Here it is in a nutshell!

Simply put the TED spread gives the viewer an idea and a snapshot of just how willing banks are to engage in overnight lending with each other, a daily event that helps to grease the wheels of economy's and markets in addition to keeping the banks that are borrowing the money up and running!

If the lending bank perceives counterparty risk to its money, it will charge the borrowing bank more for the privilege.

If the borrowing rate gets so high that it is no longer feasible to for borrowing to borrow, things grind to a halt.

This is a scenario, like occurred in 2008, that nobody wants to see again.

TED Spread = 3-month LIBOR minus 3-month U.S. treasury yield

"As a barometer of the "flight to quality" of funds around the world, the TED Spread is a gauge of investor comfort, panic and the willingness of banks to lend money to each other.

The Ted Spread is the difference as quoted in U.S. dollars, between the 3-month treasury bill and the 3-month LIBOR rate.

The value of the TED Spread during "normal" times is typically .10 to .50 basis points (currently .24). In other words if the 3-month treasury was 1.1% then the 3-month LIBOR rate would be anywhere from 1.2% to 1.6% (current 3-month rates are much lower).

During the height of the 2008 financial crisis, the TED Spread grew to as large as 465 basis points!

This meant that using the same hypothetical 1.1% 3-month treasury bill rate, the 3-month LIBOR would have been 5.75%..." (Source)
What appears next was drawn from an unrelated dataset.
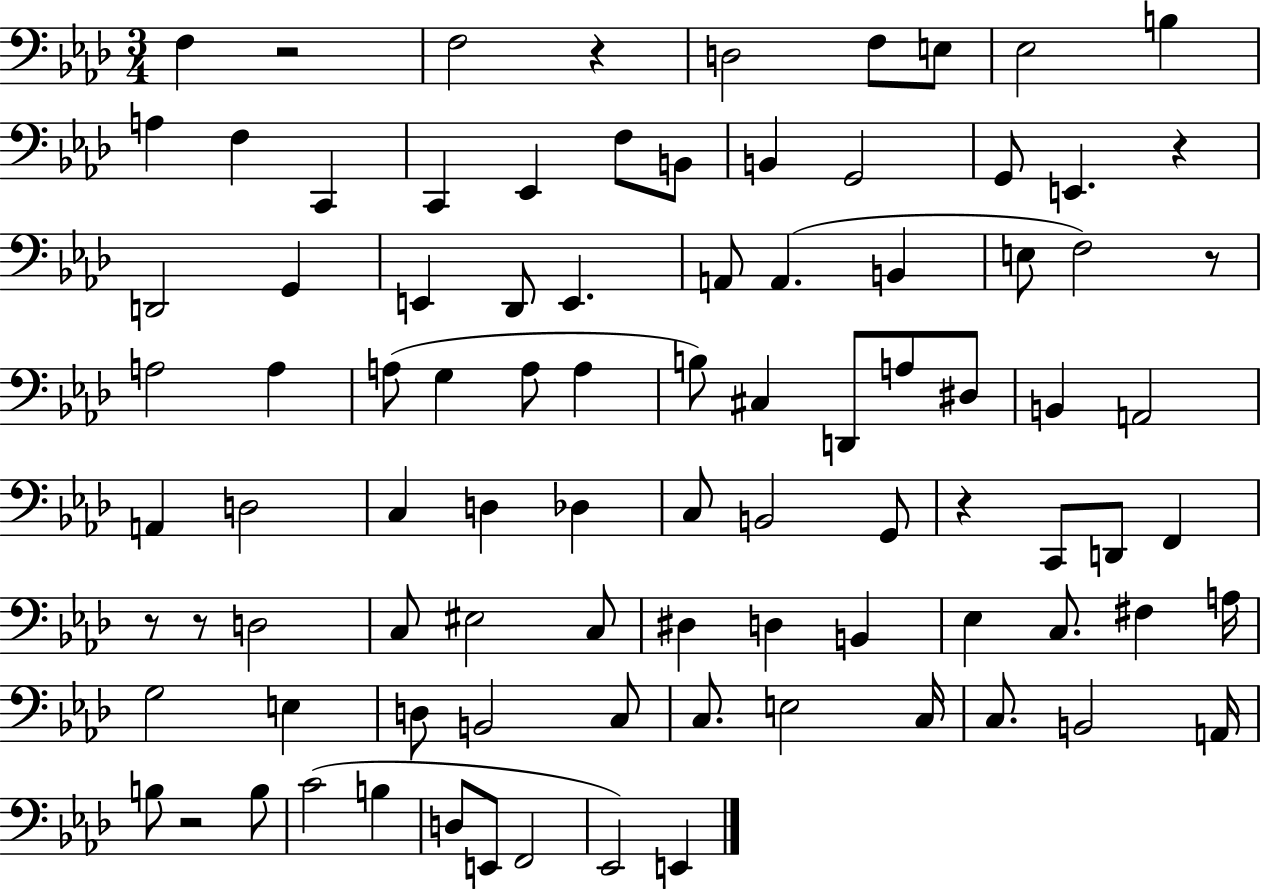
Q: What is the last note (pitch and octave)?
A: E2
The 2011 TED spread and 5-year TED spread charts

The charts below show the level of angst reached during the height of the 2008 financial crisis, the period of relative calm and now another rise in the level of angst.

If this spread continues to widen it will simply be one more piece of anecdotal evidence indicating the trouble that the global banking system and by extension the global economy is actually in.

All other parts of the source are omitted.